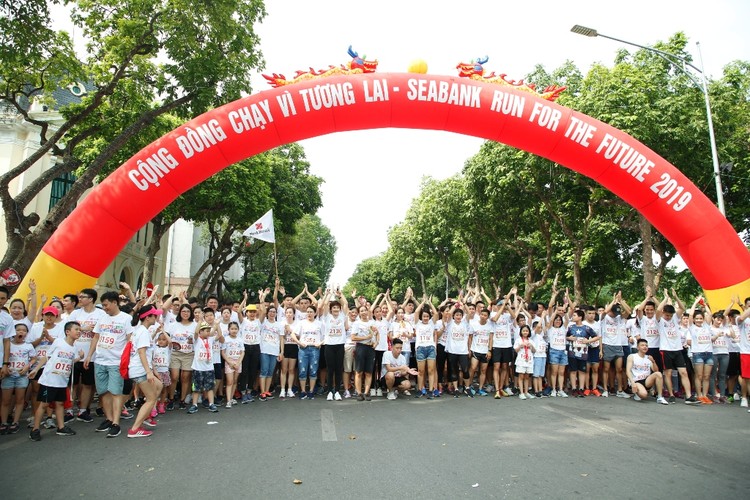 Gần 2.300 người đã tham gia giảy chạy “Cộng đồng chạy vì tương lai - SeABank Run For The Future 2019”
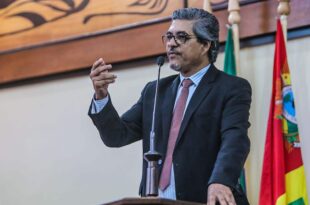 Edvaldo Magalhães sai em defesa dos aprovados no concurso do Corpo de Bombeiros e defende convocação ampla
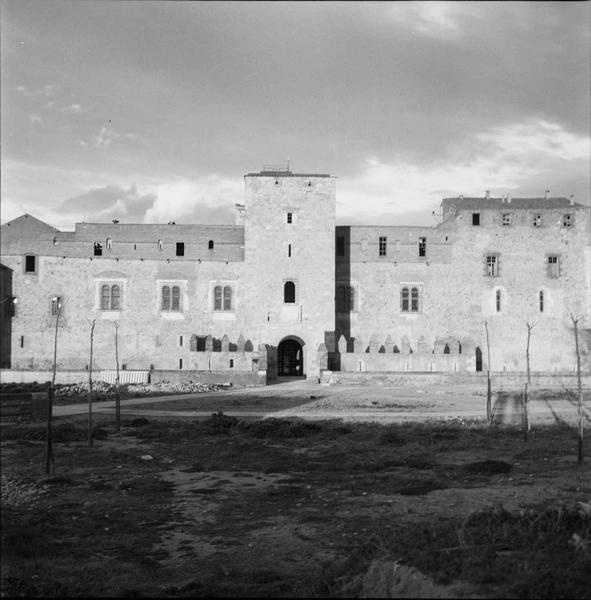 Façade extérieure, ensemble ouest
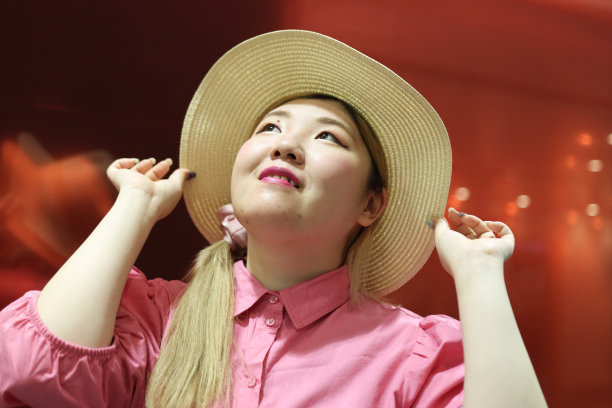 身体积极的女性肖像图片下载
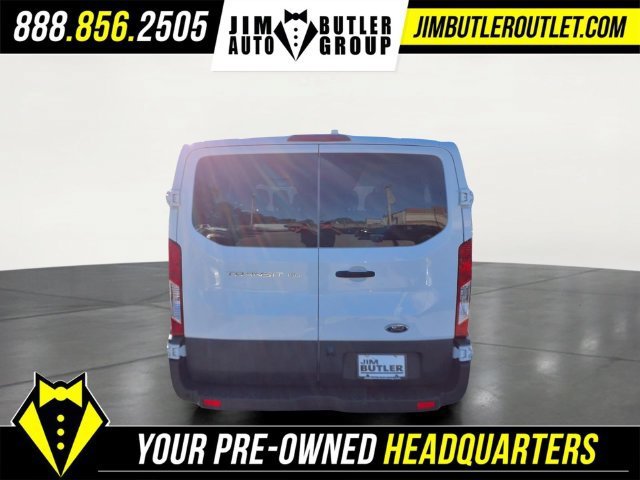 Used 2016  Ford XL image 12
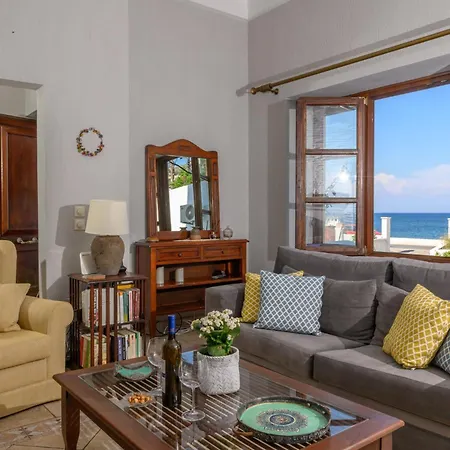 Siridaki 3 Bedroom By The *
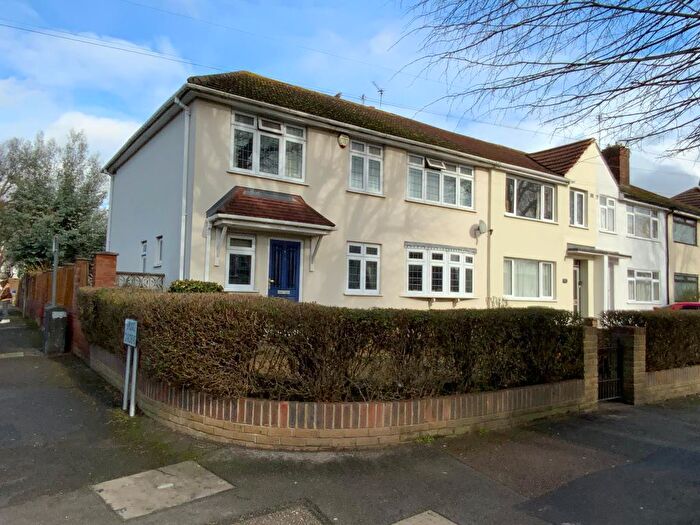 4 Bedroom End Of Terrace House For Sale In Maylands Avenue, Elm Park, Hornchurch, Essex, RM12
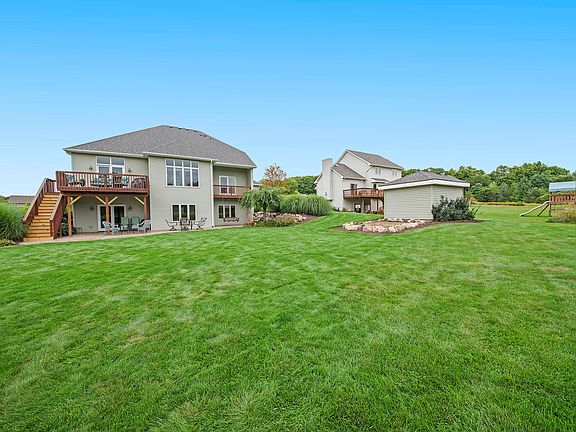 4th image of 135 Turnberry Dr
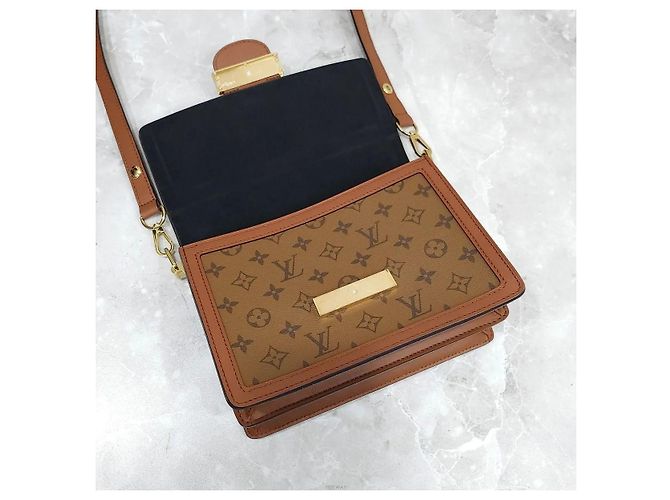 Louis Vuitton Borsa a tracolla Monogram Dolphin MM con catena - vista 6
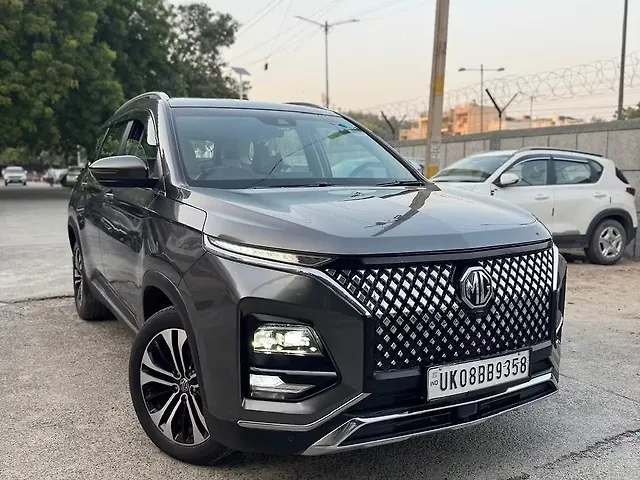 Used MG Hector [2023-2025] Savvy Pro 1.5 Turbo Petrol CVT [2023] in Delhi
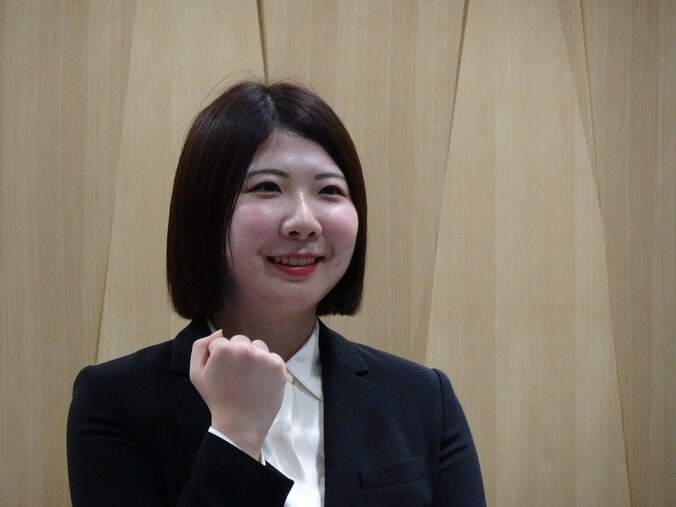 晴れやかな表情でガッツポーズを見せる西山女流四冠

+ + + +

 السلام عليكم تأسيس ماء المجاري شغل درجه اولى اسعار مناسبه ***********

+ + + +

ASSIGNMENT:
Keep to the lines above from the line with "Siridaki 3 Bedroom By The *" to the line with "晴れやかな表情でガッツポーズを見せる西山女流四冠", and set down exactly those, inclusive, with nothing else and every picture left out.

SOLUTION TO THE PROBLEM:
 Siridaki 3 Bedroom By The *
 4 Bedroom End Of Terrace House For Sale In Maylands Avenue, Elm Park, Hornchurch, Essex, RM12
 4th image of 135 Turnberry Dr
 Louis Vuitton Borsa a tracolla Monogram Dolphin MM con catena - vista 6
 Used MG Hector [2023-2025] Savvy Pro 1.5 Turbo Petrol CVT [2023] in Delhi
 晴れやかな表情でガッツポーズを見せる西山女流四冠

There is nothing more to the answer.